Using the line that has "nature scene picture" as the starting point, print each line to the end of the material below word for word. Add no other lines.
*** Supplied material Section Begins ***
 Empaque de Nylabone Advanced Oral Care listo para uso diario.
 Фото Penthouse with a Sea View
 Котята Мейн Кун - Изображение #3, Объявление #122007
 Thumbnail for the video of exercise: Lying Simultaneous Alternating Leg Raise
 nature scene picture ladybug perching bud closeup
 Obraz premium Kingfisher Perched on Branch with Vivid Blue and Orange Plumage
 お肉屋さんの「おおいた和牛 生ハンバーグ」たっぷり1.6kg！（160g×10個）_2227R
*** Supplied material Section Ends ***
### Exercise result
 nature scene picture ladybug perching bud closeup
 Obraz premium Kingfisher Perched on Branch with Vivid Blue and Orange Plumage
 お肉屋さんの「おおいた和牛 生ハンバーグ」たっぷり1.6kg！（160g×10個）_2227R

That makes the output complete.